For the Queen’s likeness, made in 2004, Buckingham Palace chose London artist Chris Levine. His plan was to place the monarch on a turntable and film her as she circled slowly around, but the thought of the queen on a lazy Susan didn’t seem quite right. Instead, Levine, using a system designed by London holographic artist Rob Munday, slid a camera down a track in front of her, snapping the 200 frames necessary for the holographic process. Then, he turned to Perry to transform the stills into a moving, 3-D image.
The Queen’s face hardly changes when you move in front of it, Perry explains, because she was told to be absolutely still during the six or eight seconds of shooting. “She is very good at that, so there is no apparent movement.”

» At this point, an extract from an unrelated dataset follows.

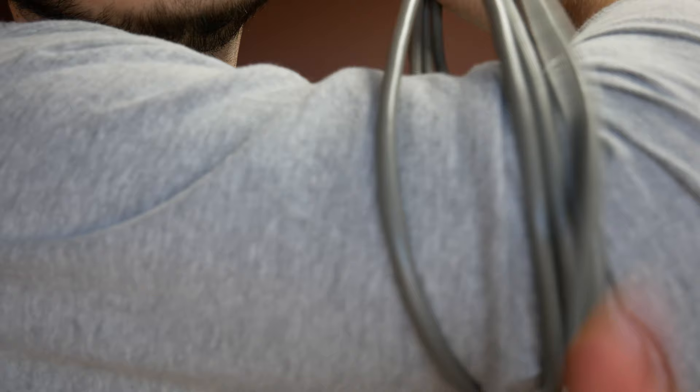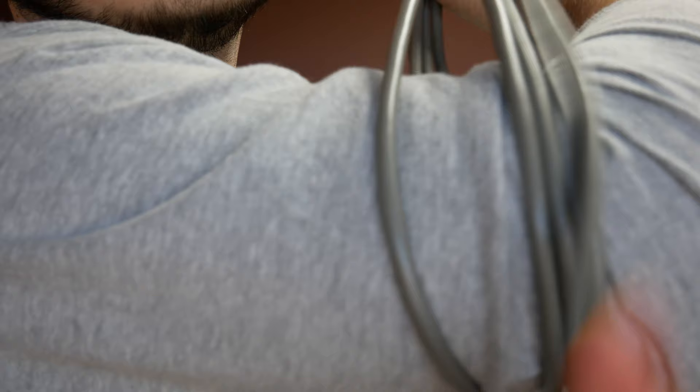Now we're going to be learning how we do the vacuum cord knot — and by knot, I mean if it is a knot, you messed up. You did it wrong because we don't even tie a knot. We straight up just wrap it up like this.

In contrast, Perry’s other work teems with animation. There’s the moon drifting calmly around a spinning earth, a Tyrannosaurus rex swaying its gnarly head, a dancing woman shrinking down to a dancing skeleton, and the Cassini-Huygens spacecraft gliding on its mission to Saturn. The largest images are the size of a door, their subjects hovering in midair like a hummingbird or springing into action the moment you move. Yet the trick boils down to little more than plastic film and a light bulb.
“The image moves when you move,” he points out with a magician’s smile, “but the only moving part is you.”
Born in Boston and raised in Cambridge, Mass., Perry took an early interest in the properties of light and space. He studied physics as an undergrad at Pomona College near Los Angeles, then earned a Ph.D. in astrophysics. He was teaching photography and astronomy at the University of Vermont in the early 1980s when holograms were gaining in popularity, so he invited two Canadian artists to give hologram workshops at the university’s Living/Learning Center. Intrigued, he studied with them for a few weeks in Toronto, then returned to UVM to teach a hologram course for the next four years.
In 1985 he opened a hologram lab, streamlining the process down to himself and a few part-time assistants.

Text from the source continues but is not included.